Munaver N Alibhai t/a Diani Boutique v South Coast Fitness & Sports Centre Limited [1995] KECA 166 (KLR)

Reported
Munaver N Alibhai t/a Diani Boutique v South Coast Fitness & Sports Centre Limited [1995] KECA 166 (KLR)

IN THE COURT OF APPEAL

AT MOMBASA

(Coram: Gachuhi, Kwach & Omolo JJ A )

CIVIL APPEAL NO 203 OF 1994

BETWEEN

MUNAVER N ALIBHAI T/A                                                       

DIANI BOUTIQUE.................................................APPELLANT

AND

SOUTH COAST FITNESS & SPORTS                                    

CENTRE LIMITED ...........................................RESPONDENT

 (Appeal from the judgment of the High Court of Kenya at Mombasa (Justice Wambilyangah) dated 21st September, 1993 in HCC Appeal No 111 of 1992)

JUDGMENT

This is a second appeal from a decision of the Resident Magistrate, Mombasa giving vacant possession of the suit premises to the respondent.

The appellant appealed to the superior court against that decision and its appeal was dismissed, giving rise to the present appeal. There is a concurrent finding by the magistrate and the judge that the appellant was a protected tenant with a controlled tenancy under the Landlord & Tenant (Shops, Hotels & Catering Establishments) Act (Cap 301). The respondent served a notice on the appellant purporting to terminate the appellant’s tenancy. The appellant ignored this notice and took no steps to refer it to the tribunal contending that the notice was invalid as it did not comply with the statutory requirements. The respondent treated the notice as valid and effective and sued the appellant for possession.

The appellant in its defence before the magistrate challenged the court’s jurisdiction and also raised the issue of the invalidity of the notice of termination. The respondent applied for summary judgment under order 35 rule 1 of the Civil Procedure Rules claiming that the appellant had no defence to its claim. Both courts found that the appellant was a protected tenant. The magistrate also held that the notice of termination served on the appellant by the respondent was both valid and effective and, on that basis, the magistrate thought he had jurisdiction to make the order for possession, which he did. The judge, on the other hand, was of the view that the notice, strictly construed, did not comply with the requirements of the Act, but having so found, he went on to uphold the magistrate on the ground that the appellant had not reacted to the invalid notices sent to him. The judge thought the appellant was bound to react to the invalid notices by, for example, making a reference to the tribunal, so as to be able to claim the protection afforded to it by the Act. There can be no doubt that both the judge and the magistrate were clearly wrong in the respective stands taken by each of them.

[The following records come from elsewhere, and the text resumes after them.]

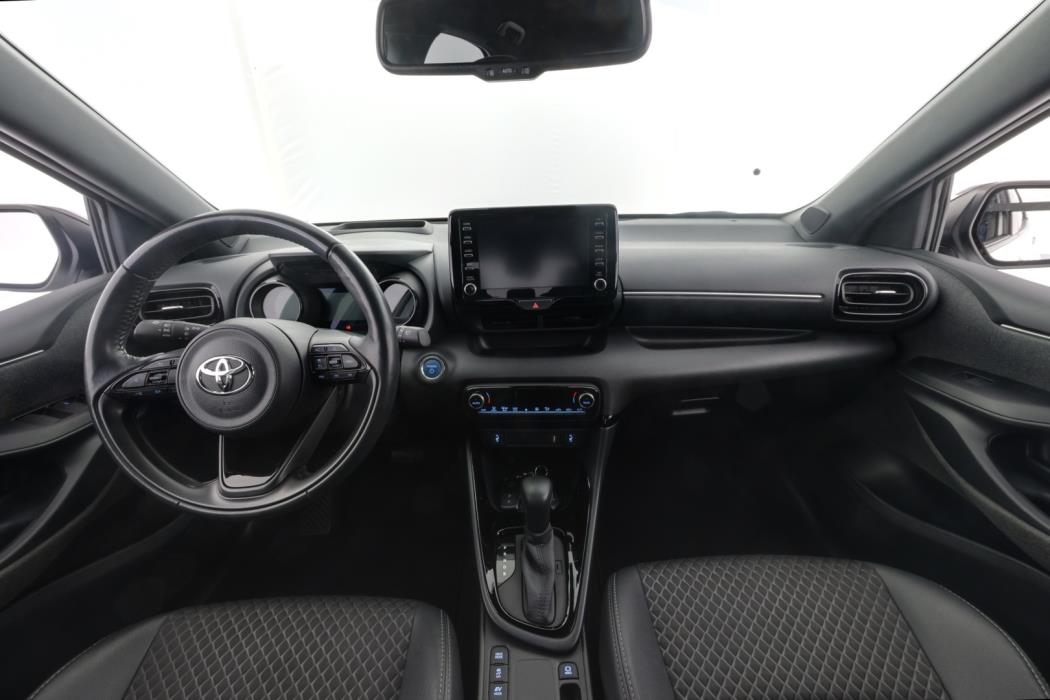 TOYOTA Yaris 2021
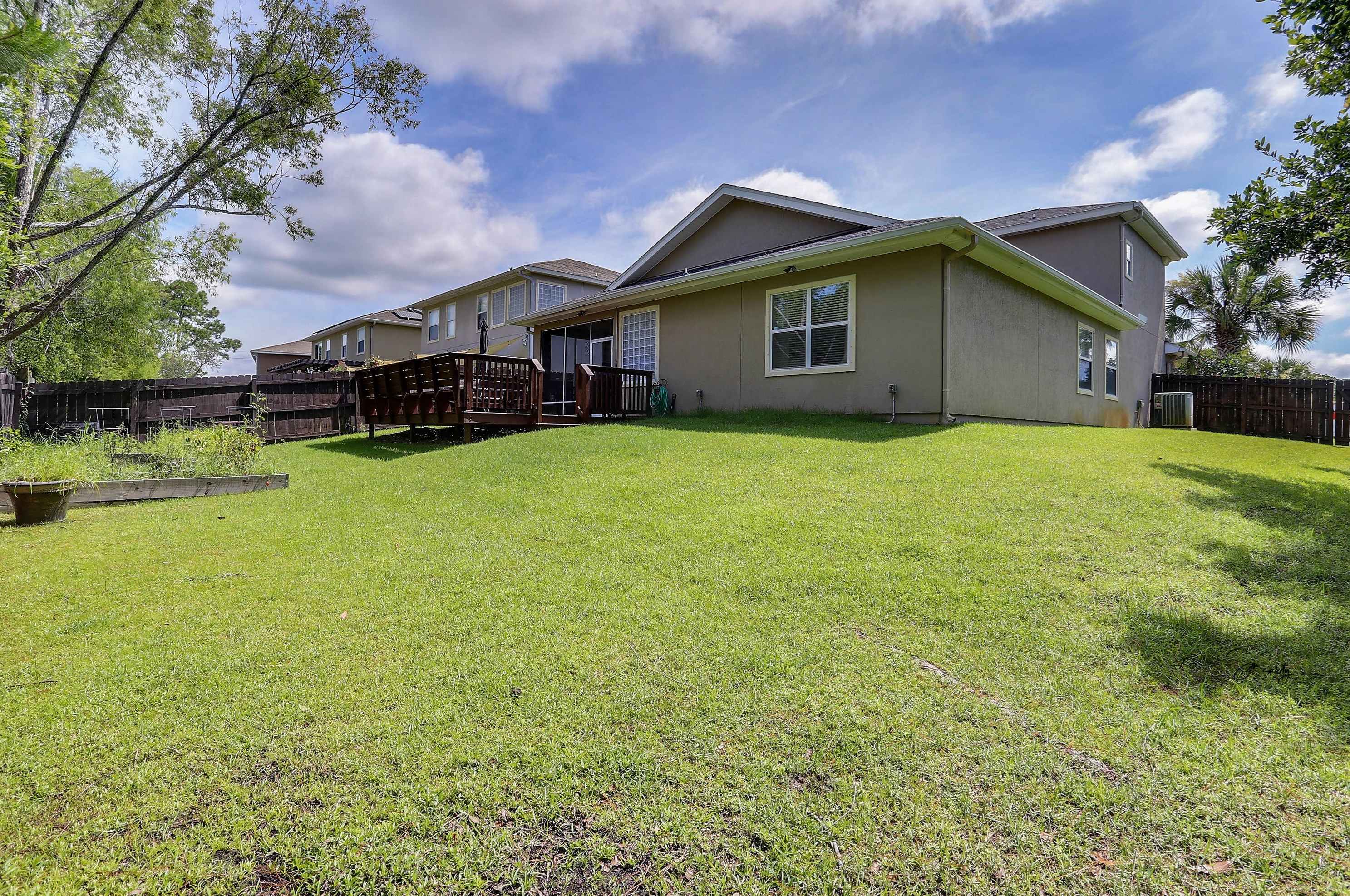 886 Solimar Way, Mary Esther FL  32569-1421 exterior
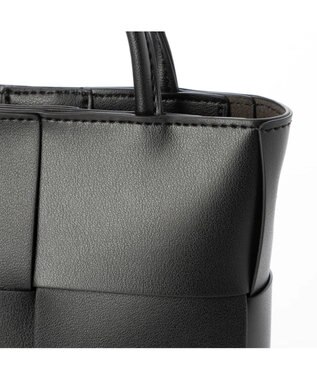 UNBILLION cachecache イントレチャートミニショルダーバッグ ブラック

The Act lays down clearly and in detail, the procedure for the termination of a controlled tenancy. Section 4(1) of the Act states in very clear language that a controlled tenancy shall not terminate or be terminated, and no term or condition in, or right or service enjoyed by the tenant of, any such tenancy shall be altered, otherwise than in accordance with specified provisions of the Act. These provisions include the giving of a notice in the prescribed form. The notice shall not take effect earlier than 2 months from the date of receipt thereof by the tenant. The notice must also specify the grounds on which termination is sought. The prescribed notice in Form A also requires the landlord to ask the tenant to notify him in writing whether or not the tenant agrees to comply with the notice.

As there is no cross-appeal against the concurrent finding by the magistrate and the judge that the tenancy here was controlled, we have to accept that finding as conclusive. The notice of termination given by the respondent was clearly void and had no effect in law on the appellant’s tenancy and the appellant was under no duty, legal or otherwise to react to it. If any authority were required on the manner of terminating a controlled tenancy, then we need go no further than the decision of this Court in the case of Tiwi Beach Hotel Ltd v Juliane Ulrike Stamm [1990] 2 KAR 189. Neither the magistrate nor the judge had jurisdiction in this matter as the tenancy in issue was a controlled one. And in signing summary judgment in favour of the respondent, the magistrate acted without jurisdiction. The judge also fell into the same error.

The result is that this appeal is allowed and the judgments and decrees of the magistrate and the judge are set aside and substituted by an order dismissing the respondent’s suit and application for summary judgment with costs. The appellant will also have the costs of the appeal in the High Court and in this court.

Dated and delivered at Mombasa this 24th day of July 2 1995

J.M GACHUHI

..................................

JUDGE OF APPEAL

R.O KWACH

..................................

JUDGE OF APPEAL

R.S.C OMOLO

..................................

JUDGE OF APPEAL

I certify that this is a true copy of theoriginal.